Have you ever been to St. Louis? If so, one of the things you probably remember is seeing the Gateway Arch. It's a famous landmark that's visible for miles around.

If you're looking for the Arch as you're approaching St. Louis on the highway, you can see it from several miles away. When you first catch a glimpse of it, you might be surprised that it's so small. As you get closer, however, it appears larger.

When you stand directly in front of the Arch, you can't help but to be impressed by its massive size. It seems to stretch high into the sky to touch the clouds.

What's going on here? The Arch itself obviously doesn't change in size. Depending upon how far away you are when you view it, however, it can appear to be very large or very small. Why exactly do objects appear to be smaller the farther away we are from them?

The answer lies in the concept of perspective and the difference between apparent size and actual size. These phenomena exist because of the optics of our eyes and how they process the rays of light that reflect off of objects so that we can see them.

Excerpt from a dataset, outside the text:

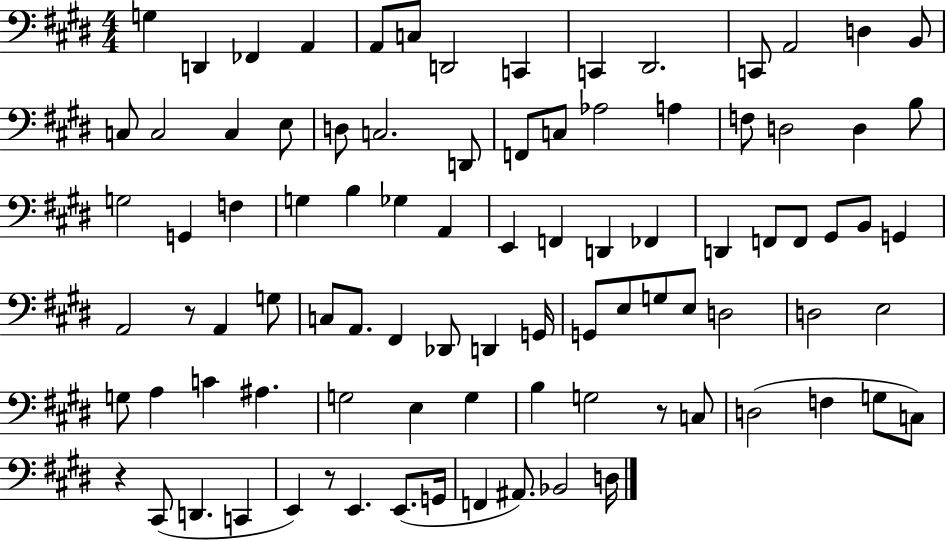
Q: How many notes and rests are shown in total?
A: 91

For example, the actual size of the Arch doesn't change. It can be measured in meters or feet. Its apparent size, however — what we perceive its size to be — depends upon an angle, which can be measured in degrees.

The visual angle that determines apparent size can be thought of as the angle at the top of a triangle. The eye is the top of the triangle, and the bottom of the triangle is formed by the ends of the object you're looking at.

As an object gets closer, the visual angle increases, so the object appears larger. As the object moves farther away, the visual angle decreases, making the object appear smaller.

Another way to think of the visual angle is to think of your field of vision as looking out through a traffic cone. If you hold the top of the cone to your eye, your field of vision is limited by the ends of the bottom of the cone. An item at the bottom of the cone (farther away) will take up less of your field of vision and appear smaller. An item at the top of the cone (close to your eye) will take up much more of your field of vision and thus appear larger.

Mathematicians call the relationship between apparent height and distance an inversely proportional relationship. An equation might look something like this: apparent height = actual height / distance. As distance increases (object gets farther away), apparent height decreases (object appears smaller).

You may have noticed this phenomenon in another context. Have you ever looked closely at the rearview mirror of an automobile? There's a good chance it probably has a warning printed on it that reads something like "objects in mirror may be closer than they appear."

When a driver looks at the rearview mirror on the passenger side and sees a car, that car appears to be farther away (and smaller) than it really is. This occurs because the mirror is convex (curved such that the middle bulges outward slightly).

Convex mirrors are used on cars, because they distort images in such a way that everything gets compressed. This allows drivers to enjoy a wider field of view. Even though some of the images may be closer than they appear, at least drivers can see more rather than less! For safety reasons, a smaller blind spot takes precedence over more accurate distance perception.